The midbrain periaqueductal grey (PAG), together with the hypothalamus, are key brain regions mediating the physiological responses to a wide range of stressors (1-3). The PAG consists of four subregions arranged as longitudinal columns (the dorsomedial, dorsolateral, lateral and ventrolateral columns). These subregions differ greatly with respect to their anatomical connections and chemical properties. The dorsolateral PAG (dlPAG) in particular is very distinctive, in that it contains a high density of neurons immunoreactive for nitric oxide synthase whereas the adjacent lateral PAG (lPAG) and dorsomedial PAG (dmPAG) do not (1). In addition, the dlPAG, but not the other subregions, receives major inputs from brain regions mediating visual, auditory and olfactory stimuli (1-3). Furthermore, neurons in the dlPAG but not the adjacent subregions are activated by acute threatening stimuli (e.g. the odour of a predator (3)). Finally, the output pathways from the these PAG subregions are also distinctly different. For example, the lPAG and dm PAG have direct descending projections to the lower brainstem, while the dlPAG have direct ascending projections to the dorsomedial hypothamus, another key brain region known to mediate stress-evoked physiological responses, that are characterised by an increase in sympathetic and respiratory activity.

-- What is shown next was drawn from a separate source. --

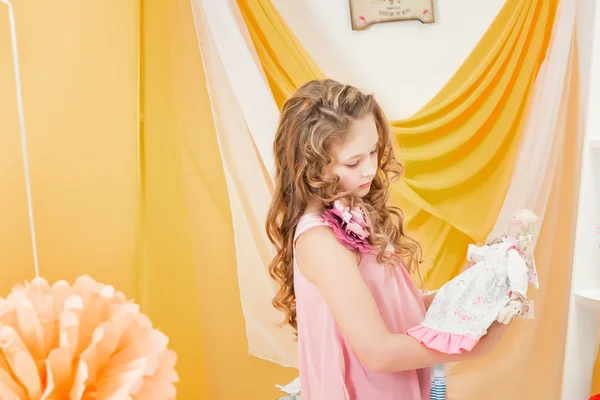 Little girl playing with doll in retro interior — Stock Photo, Image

All these observations suggest that the dlPAG is a key centre that integrates the physiological response to an acute threatening stimulus. In this study we tested this hypothesis by comparing the pattern of cardiovascular and respiratory responses evoked by activation of neurons in the dlPAG with those evoked from surrounding regions. Arterial pressure and heart rate, renal sympathetic nerve activity (RSNA) and phrenic nerve activity (PNA) were recorded simultaneously in urethane-anaesthetized rats. Microinjections of very small amounts of the neuroexcitatory agent D,L-homocysteic acid (DLH, 750 pmol in 15 nl) were made into sites throughout the dmPAG, dlPAG and lPAG. The results showed that significant increases (>30%) in RSNA were evoked from all three PAG subregions. In contrast, significant increases in PNA burst rate (respiratory rate) and amplitude were evoked only from a highly circumscribed subregion that corresponded to the dlPAG at an intermediate rostrocaudal level. Within this subregion, the evoked increases in RSNA and respiratory activity were highly correlated (r=0.86, P < 0.001), suggesting the possibility that a common population of “command neurons” within the dlPAG generate both the sympathetic and respiratory responses from this subregion.

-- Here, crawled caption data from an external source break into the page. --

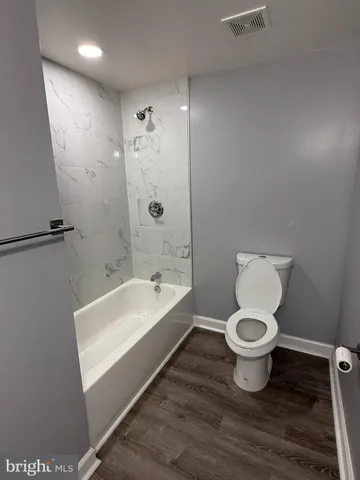 a bathroom with a sink toilet a mirror and bathtub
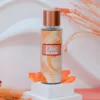 Brume parfumée Rimita Chic and Glam, flacon 200ml orange sur socle blanc avec pétales et fleurs séchées.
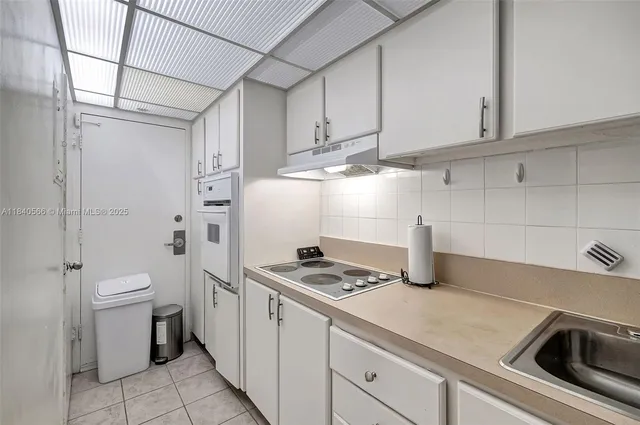 a kitchen with a sink and cabinets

Taken together with the results of previous studies (1-4), the results suggest that the dlPAG may play a unique role in generating the cardiovascular and respiratory response to an acute threat, via ascending connections to neurons in the dorsomedial hypothalamus that in turn project down to sympathetic and respiratory nuclei in the lower brainstem. Repeated activation of these pathways may lead to sustained sympathoexcitation and hypertension.

1. Bandler R, Shipley MT. Trends in Neuroscience 17, 379-389, 1994.
2. Carrive P. Behavioural Brain Research 58, 27–47, 1993.
3. Keay KA, Bandler R. Neuroscience Biobehavioual Reviews 25, 669-678, 2001.
4. Horiuchi J, McDowall LM, Dampney RAL. Journal of Physiology. 587,5149-5162, 2009.